(Collection entries)
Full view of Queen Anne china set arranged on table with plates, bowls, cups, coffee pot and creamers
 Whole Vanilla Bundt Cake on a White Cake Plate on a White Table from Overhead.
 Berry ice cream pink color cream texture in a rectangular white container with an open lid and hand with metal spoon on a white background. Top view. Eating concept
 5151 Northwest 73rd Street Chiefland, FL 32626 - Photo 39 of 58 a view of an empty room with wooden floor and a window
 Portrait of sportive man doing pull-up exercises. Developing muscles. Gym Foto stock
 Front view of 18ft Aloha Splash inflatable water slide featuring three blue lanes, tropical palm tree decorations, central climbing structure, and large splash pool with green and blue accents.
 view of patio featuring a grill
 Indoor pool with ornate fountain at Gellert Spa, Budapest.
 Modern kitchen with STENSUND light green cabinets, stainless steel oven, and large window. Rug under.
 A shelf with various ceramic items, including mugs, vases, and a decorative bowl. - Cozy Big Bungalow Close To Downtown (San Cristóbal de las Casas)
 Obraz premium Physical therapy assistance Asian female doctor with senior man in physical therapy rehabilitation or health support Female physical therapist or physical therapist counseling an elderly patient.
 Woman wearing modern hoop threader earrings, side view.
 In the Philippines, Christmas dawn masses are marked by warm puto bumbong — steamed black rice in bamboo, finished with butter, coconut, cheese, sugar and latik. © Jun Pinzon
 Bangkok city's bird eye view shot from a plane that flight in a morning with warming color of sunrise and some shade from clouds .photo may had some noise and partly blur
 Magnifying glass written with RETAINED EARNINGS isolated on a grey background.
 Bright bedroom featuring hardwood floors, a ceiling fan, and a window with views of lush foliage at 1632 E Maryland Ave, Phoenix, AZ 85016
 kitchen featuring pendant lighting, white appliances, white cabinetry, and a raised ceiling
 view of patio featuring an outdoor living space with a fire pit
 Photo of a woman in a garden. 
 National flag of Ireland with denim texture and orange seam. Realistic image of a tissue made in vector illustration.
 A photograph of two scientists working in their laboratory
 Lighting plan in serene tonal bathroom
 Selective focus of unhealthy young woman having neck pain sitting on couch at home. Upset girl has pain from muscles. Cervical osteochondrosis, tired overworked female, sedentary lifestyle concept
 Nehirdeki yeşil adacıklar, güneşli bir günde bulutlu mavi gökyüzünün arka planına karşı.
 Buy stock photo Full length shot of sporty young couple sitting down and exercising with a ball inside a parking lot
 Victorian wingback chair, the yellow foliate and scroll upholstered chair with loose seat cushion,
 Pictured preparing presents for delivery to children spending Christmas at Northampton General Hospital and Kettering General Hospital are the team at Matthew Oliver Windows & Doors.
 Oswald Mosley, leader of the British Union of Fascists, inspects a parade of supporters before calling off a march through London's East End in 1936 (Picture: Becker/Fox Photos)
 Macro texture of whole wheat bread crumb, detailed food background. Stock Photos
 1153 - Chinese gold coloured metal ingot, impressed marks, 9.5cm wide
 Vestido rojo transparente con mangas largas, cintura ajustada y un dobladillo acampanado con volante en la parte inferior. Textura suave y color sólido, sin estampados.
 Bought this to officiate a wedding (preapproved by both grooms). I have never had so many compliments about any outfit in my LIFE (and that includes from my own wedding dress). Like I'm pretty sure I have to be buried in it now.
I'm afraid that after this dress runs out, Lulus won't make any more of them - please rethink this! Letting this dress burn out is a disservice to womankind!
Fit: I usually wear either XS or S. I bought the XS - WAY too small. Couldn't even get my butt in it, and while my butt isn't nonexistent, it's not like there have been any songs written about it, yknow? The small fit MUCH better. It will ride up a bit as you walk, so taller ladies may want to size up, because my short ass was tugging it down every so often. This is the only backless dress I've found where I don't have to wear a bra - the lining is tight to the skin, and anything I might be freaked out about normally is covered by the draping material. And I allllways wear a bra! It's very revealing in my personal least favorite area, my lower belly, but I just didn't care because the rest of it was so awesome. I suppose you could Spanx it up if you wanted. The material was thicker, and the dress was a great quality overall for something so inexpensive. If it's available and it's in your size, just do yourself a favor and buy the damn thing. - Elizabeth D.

[TASK REQUIREMENTS]
State how many lines of the entries above include the word "sitting", offering no text other than the number.

[ANSWER SPACE]
2